Ugandan troops stepped up their deployment in eastern DR Congo on Wednesday, witnesses said, on the second day of an operation against the notorious ADF rebel group launched in cooperation with Kinshasa.
"Right now, at noon, they are arriving aboard armour-plated cars, with escorts from members of the local security services," Tony Kitambala, a freelance journalist based in North Kivu province, said at Nobili on the border.
Ugandan soldiers were seen crossing there into the Democratic Republic of Congo (DRC) on Tuesday after their armed forces launched air and artillery strikes from within Ugandan territory.
The target is the Allied Democratic Forces (ADF) -- a group blamed for massacres in eastern DRC and attacks in the Ugandan capital, and which the so-called Islamic State describes as an affiliate.

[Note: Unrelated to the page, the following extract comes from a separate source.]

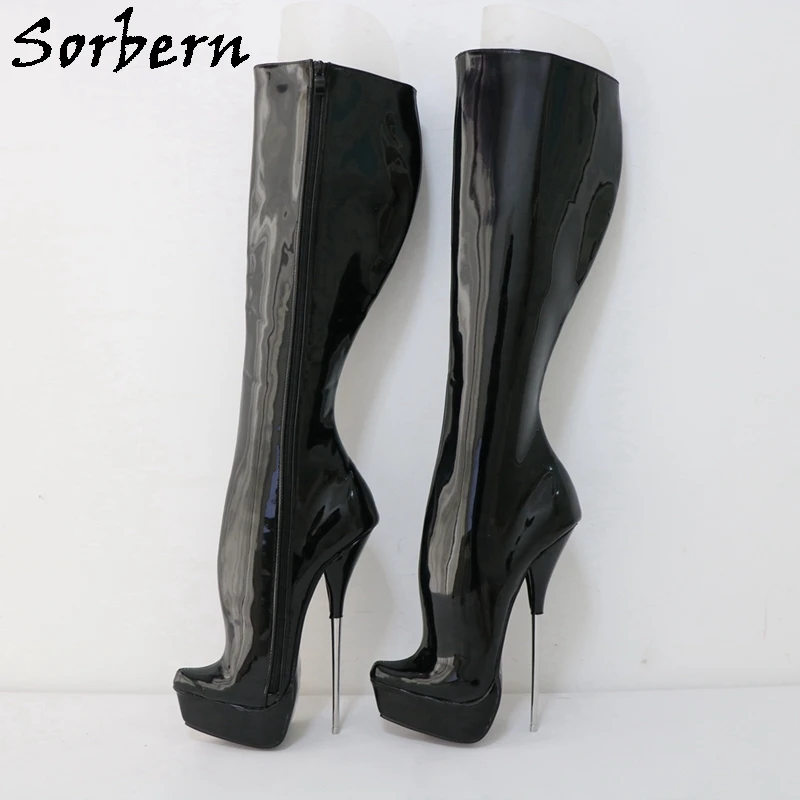 

Sorbern 8.5" Metal High Heel Ballet Boots Women Knee High Platform Hard Shaft Zip Up Inside Custom Pointed Toe Fetish Shoes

The DRC last week gave its approval to a Ugandan offer to pursue the ADF on its soil, where it has holed up since the mid-1990s.
An aid worker in Nobili said "air strikes on ADF positions continued last evening" but the situation was calm on Wednesday.
"This morning, the UPDF (Ugandan armed forces) has been reinforcing its troops with men, ammunition and military trucks," he said.
A senior DRC military officer said Congolese troops were heading towards Beni, the capital of North Kivu province, from neighbouring South Kivu.
There has been no official indication of the number of troops being deployed, or how long the operation will last.
On Tuesday, the Ugandan armed forces spokesman said the bombardments had successfully hit their targets, and that ground operations would hunt down "terrorists."
The DRC's military spokesman said late Tuesday that "search and control" operations were under way at the bombarded ADF locations, and that a situation report on the operation would soon be made public.
The DR Congo's Catholic Church says the ADF has killed around 6,000 civilians since 2013 while a respected monitor, the Kivu Security Tracker, blames it for more than 1,200 deaths in the area alone since 2017.
The Ugandan authorities have accused the ADF or a local group affiliated with it of carrying out or planning a string of attacks this year.
On November 16, four people were killed and 33 wounded in twin suicide bombings in Kampala. Police blamed the blast on a "domestic terror group" that it said was linked to the ADF.
Since April 2019, some ADF attacks in eastern DR Congo have been claimed by IS, which describes the group as its Islamic State Central Africa Province offshoot.
In March, the United States placed the ADF on its list of "terrorist" organisations linked to IS.